Records provided Start Marker

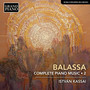 BALASSA, S.: Piano Music (Complete) , Vol. 2 (Kassai)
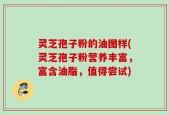 灵芝孢子粉的油图样(灵芝孢子粉营养丰富，富含油脂，值得尝试)
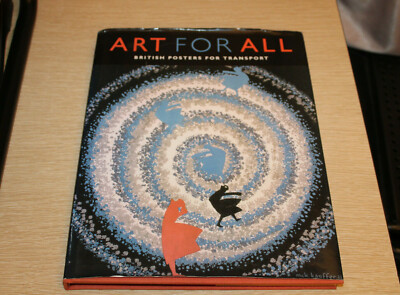 Art for All : British Posters for Transport by Neil Harris, Peyton Skipwith, Ter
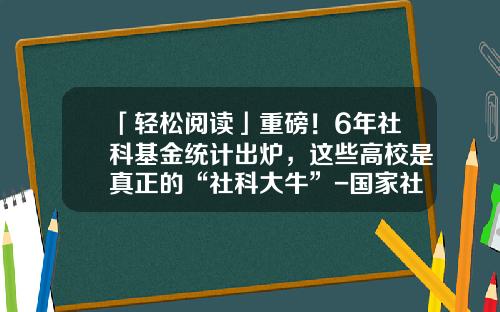 「轻松阅读」重磅！6年社科基金统计出炉，这些高校是真正的“社科大牛”-国家社科基金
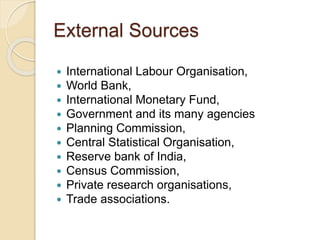 External Sources
 International Labour Organisation,
 World Bank,
 International Monetary Fund,
 Government and its many agencies
 Planning Commission,
 Central Statistical Organisation,
 Reserve bank of India,
 Census Commission,
 Private research organisations,
 Trade associations.
 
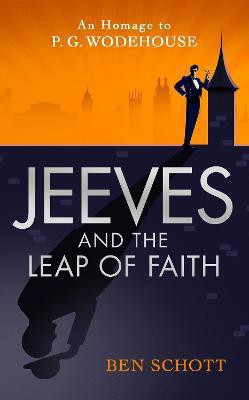 Jeeves and the Leap of Faith(English, Paperback, Schott Ben)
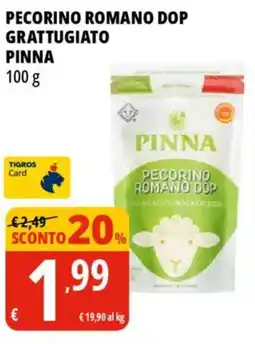 Tigros Pecorino romano dop grattugiato PINNA offerta
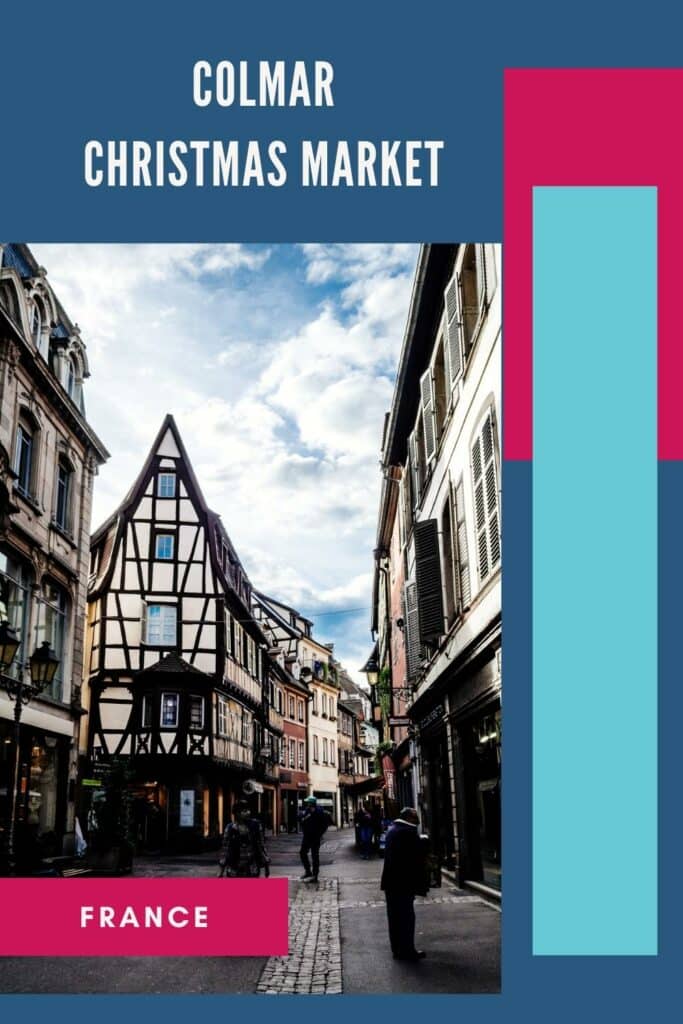 Colmar Christmas Markets 2023 Beautiful Alsace, France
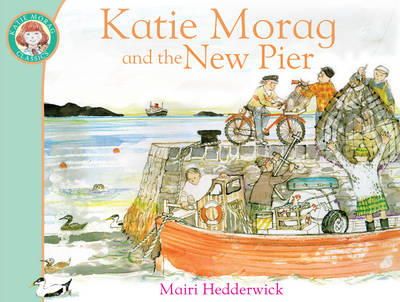 Mairi Hedderwick - Katie Morag and the New Pier - 9781849410960 - 9781849410960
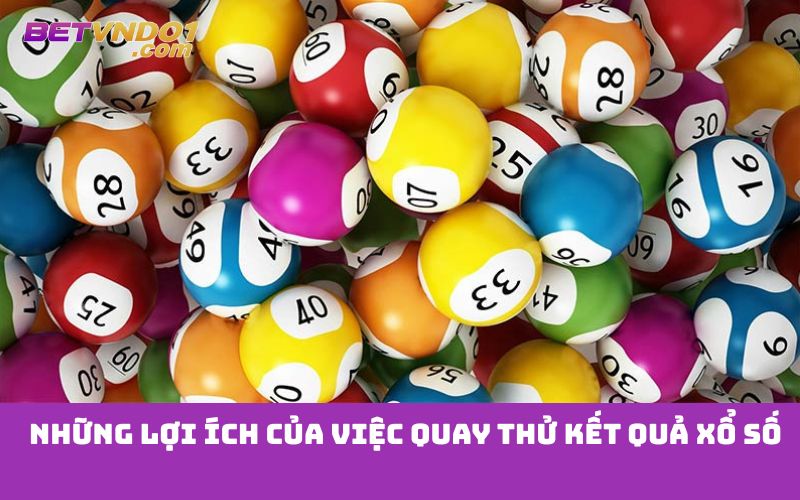 Những lợi ích của việc quay thử kết quả xổ số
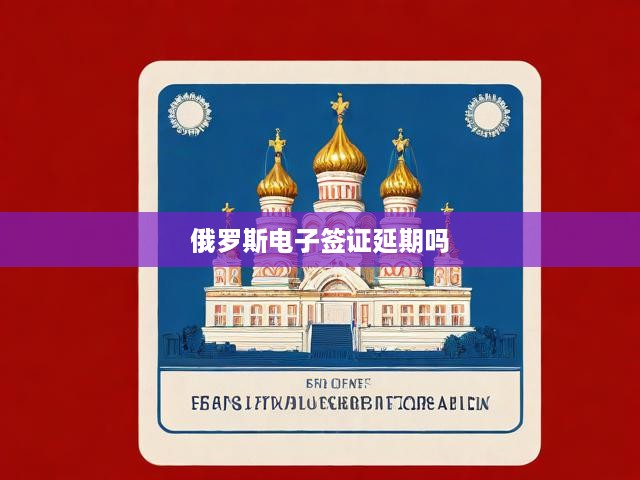 俄羅斯電子簽證延期嗎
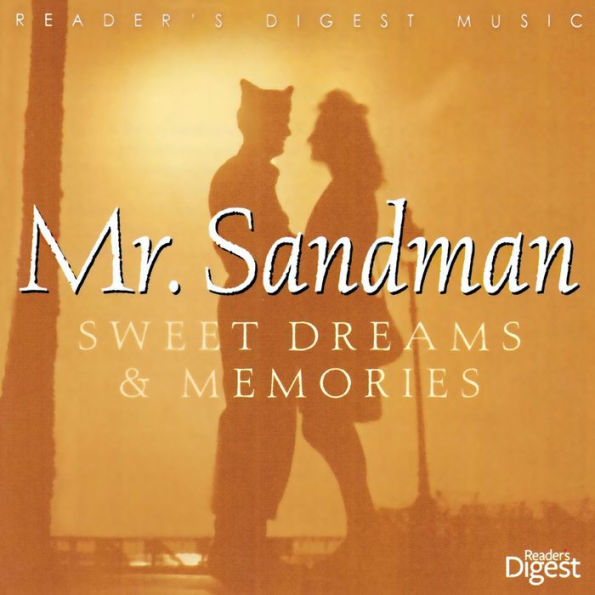 Mr. Sandman: Sweet Dreams & Memories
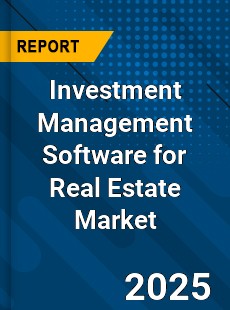 Global Investment Management Software for Real Estate Market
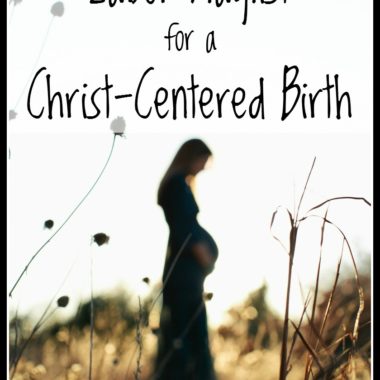 Labor Playlist for a Christ-Centered Birth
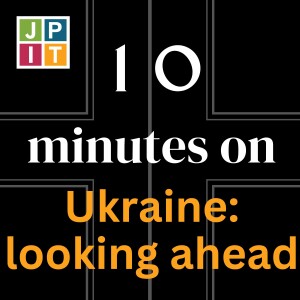 10 Minutes on Ukraine: looking ahead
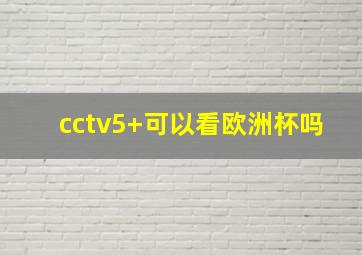 cctv5+可以看欧洲杯吗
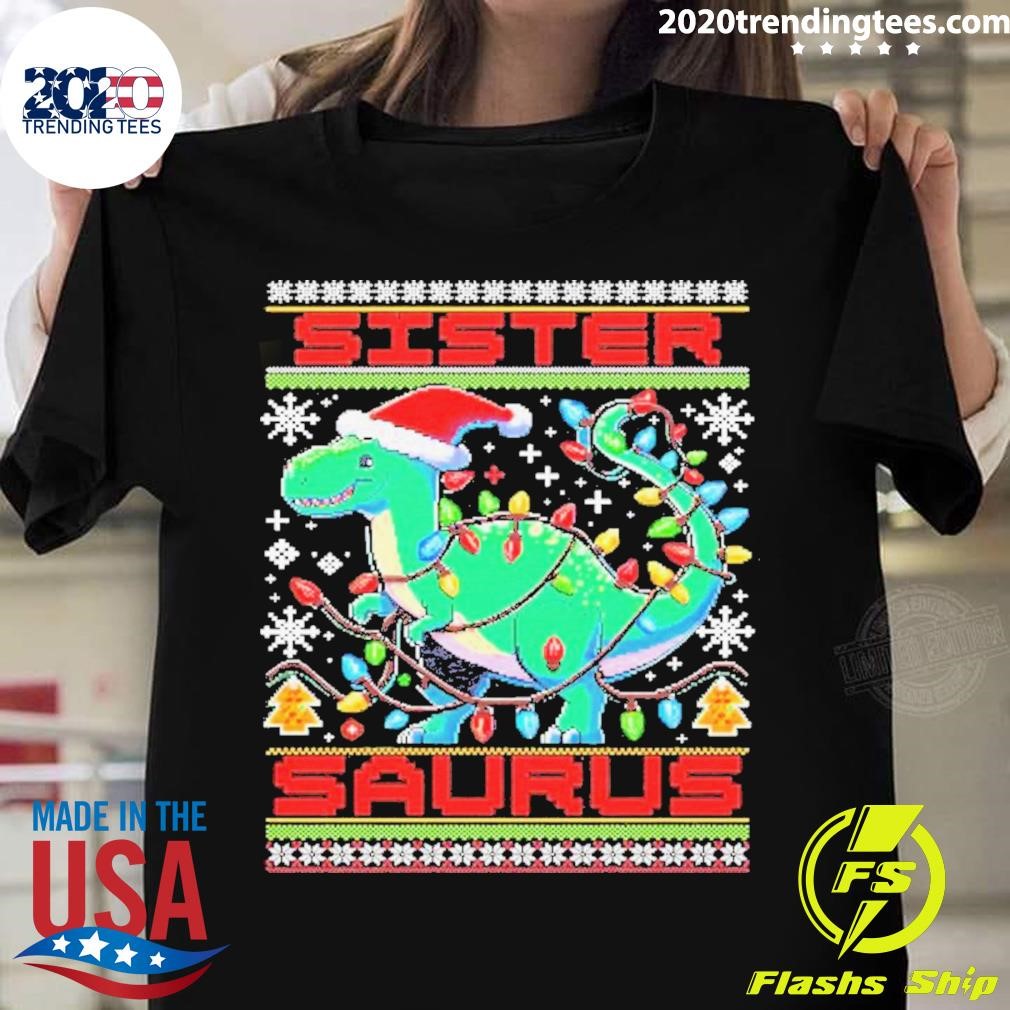 Top Sister Saurus Hat Santa Merry Christmas Ugly T-shirt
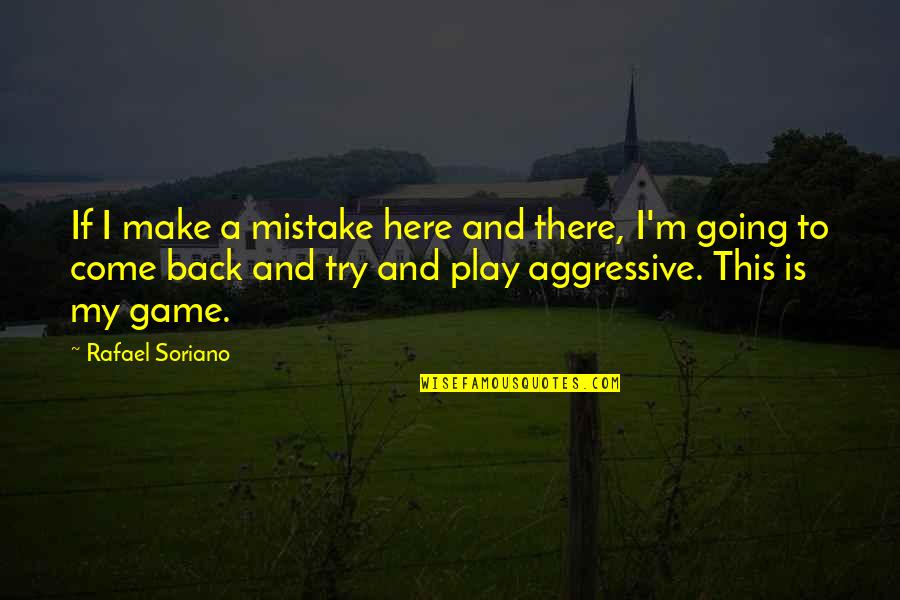 Back To Play Quotes By Rafael Soriano: If I make a mistake here and there,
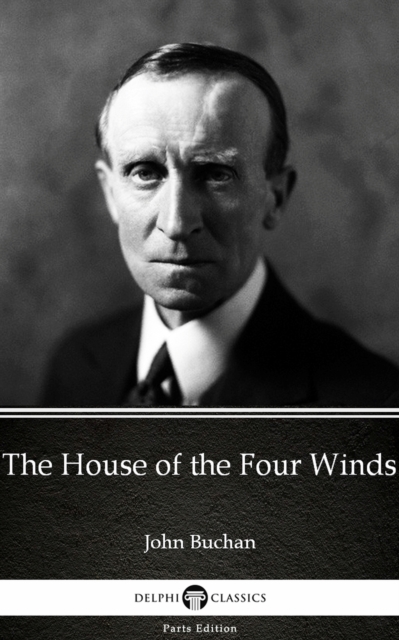 House of the Four Winds by John Buchan - Delphi Classics (Illustrated)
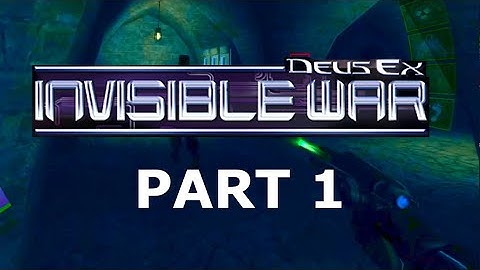 Deus Ex: Invisible War (2003) No-Guide Gameplay - Part 1 (Streamed)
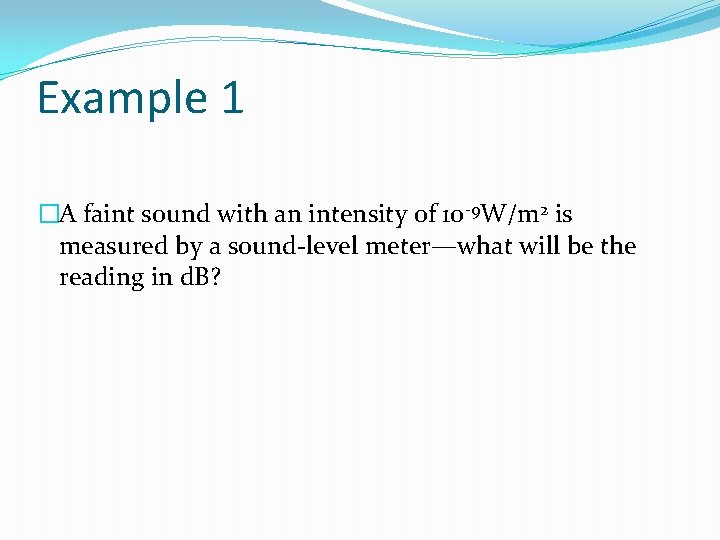 Example 1 �A faint sound with an intensity of 10 -9 W/m 2 is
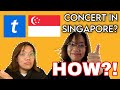 How to watch a concert in Singapore? 🇸🇬| Your Guide to Ticketmaster SG!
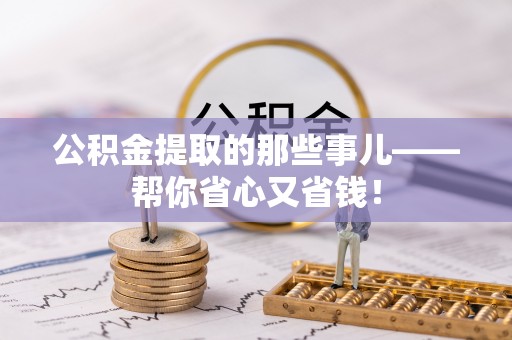 巴林右旗公积金提取的那些事儿——帮你省心又省钱！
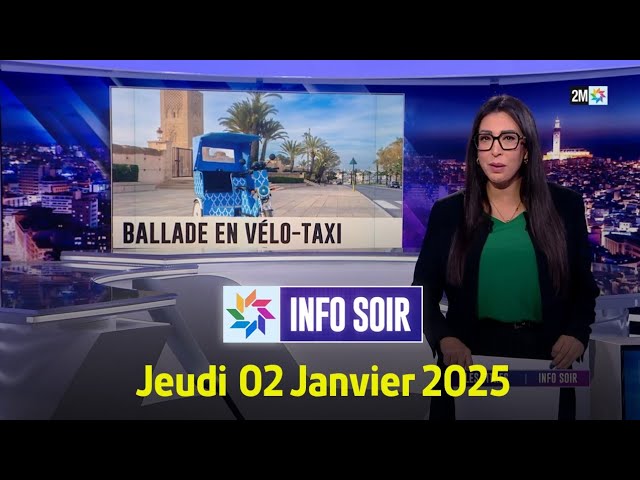 ⁣Info soir : Jeudi 02 Janvier 2025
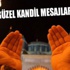 Miraç Kandili Mesajları ve SMS'leri (Miraç Kandil Mesajları duası, namazı)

Records provided End Marker

■ **What this task involves**: Please transcribe, word for word, every line from the first line of the records above through the line containing "Deus Ex: Invisible", and leave out any pictures.

■ **Response to the task**:
 BALASSA, S.: Piano Music (Complete) , Vol. 2 (Kassai)
 灵芝孢子粉的油图样(灵芝孢子粉营养丰富，富含油脂，值得尝试)
 Art for All : British Posters for Transport by Neil Harris, Peyton Skipwith, Ter
 「轻松阅读」重磅！6年社科基金统计出炉，这些高校是真正的“社科大牛”-国家社科基金
 External Sources
 International Labour Organisation,
 World Bank,
 International Monetary Fund,
 Government and its many agencies
 Planning Commission,
 Central Statistical Organisation,
 Reserve bank of India,
 Census Commission,
 Private research organisations,
 Trade associations.
 
 Jeeves and the Leap of Faith(English, Paperback, Schott Ben)
 Tigros Pecorino romano dop grattugiato PINNA offerta
 Colmar Christmas Markets 2023 Beautiful Alsace, France
 Mairi Hedderwick - Katie Morag and the New Pier - 9781849410960 - 9781849410960
 Những lợi ích của việc quay thử kết quả xổ số
 俄羅斯電子簽證延期嗎
 Mr. Sandman: Sweet Dreams & Memories
 Global Investment Management Software for Real Estate Market
 Labor Playlist for a Christ-Centered Birth
 10 Minutes on Ukraine: looking ahead
 cctv5+可以看欧洲杯吗
 Top Sister Saurus Hat Santa Merry Christmas Ugly T-shirt
 Back To Play Quotes By Rafael Soriano: If I make a mistake here and there,
 House of the Four Winds by John Buchan - Delphi Classics (Illustrated)
 Deus Ex: Invisible War (2003) No-Guide Gameplay - Part 1 (Streamed)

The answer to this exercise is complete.